# On the subject of "The Majah" aka Major Taylor



## Jesse McCauley (Aug 14, 2020)

There does not seem to be a thread here on the CABE dedicated to Major Taylor and his impact on pre-33 bicycles & society, @bricycle started a thread dedicated to legit artifacts he may have owned and it dawned on me to start a thread of some of the articles and pieces of information I have dredged regarding Mr. Taylor.


----------



## GiovanniLiCalsi (Aug 14, 2020)




----------



## ivrjhnsn (Aug 15, 2020)

66TigerCat had one going, but I can't seem to find it. He's got alot of info and cool Major stuff.


----------



## Jesse McCauley (Aug 15, 2020)

ivrjhnsn said:


> 66TigerCat had one going, but I can't seem to find it. He's got alot of info and cool Major stuff.



I thought I remembered the same thing but couldn't find it either - 
@66TigerCat Perhaps you could direct us?


----------



## 66TigerCat (Aug 16, 2020)

I began posting pics of my collection here a year or so ago but there didn't seem to be much interest so I had the mods delete the thread. I've been thinking about creating a website to share the pics and info about the collection. I'll let people know when that happens.


----------



## SKPC (Jan 17, 2021)

A modern, somewhat related link  below...
Major Taylor Journal: Why I ride – VeloNews.com


----------



## dnc1 (Jan 17, 2021)

He sparked a lot of interest online last year as the "black lives matter" movement took off over here in the early part of the year. But sadly, this resurgence in his fame was fleeting. 
I remember @66TigerCat's thread, it was very interesting. 

Marshall's autobiography certainly makes for an interesting read, not just because of the racism he endured but because of his accounts of the skullduggery and scheming from his contemporaries that seemed to occur in virtually every race he entered.
His rivals were very resentful of his evidently superior skills and 'nous' as a track racer, and obviously all that money he was earning rankled.

I still live in hope of seeing the rumoured film of his life one day.


----------



## cyclingday (Jan 17, 2021)

A Ken Burns type documentary, to include all aspects of that era’s cycling history would be fabulous.


----------



## SKPC (Jan 17, 2021)

I must say, that is a great idea Marty!  Positive, meaningful cycling history by the best in the business.


----------



## 66TigerCat (Jan 30, 2021)

There have been a couple of announcements regarding movies about MT but they never seem to materialize.
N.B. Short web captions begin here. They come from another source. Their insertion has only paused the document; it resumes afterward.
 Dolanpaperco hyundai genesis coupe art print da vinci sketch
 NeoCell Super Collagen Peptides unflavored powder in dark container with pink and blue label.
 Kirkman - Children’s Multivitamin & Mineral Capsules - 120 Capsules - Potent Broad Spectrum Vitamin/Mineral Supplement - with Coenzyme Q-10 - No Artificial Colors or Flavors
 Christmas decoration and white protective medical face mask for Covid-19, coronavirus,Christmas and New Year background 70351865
Ken Burns did a doc about Jack Johnson a number of years ago but boxing holds more interest with the general public than cycling ever will.


----------



## PibbleRacing (Feb 2, 2021)

66TigerCat said:


> There have been a couple of announcements regarding movies about MT but they never seem to materialize. Ken Burns did a doc about Jack Johnson a number of years ago but boxing holds more interest with the general public than cycling ever will.



Hello. Do you still have any Major Taylor postcards you’d like to sell?


----------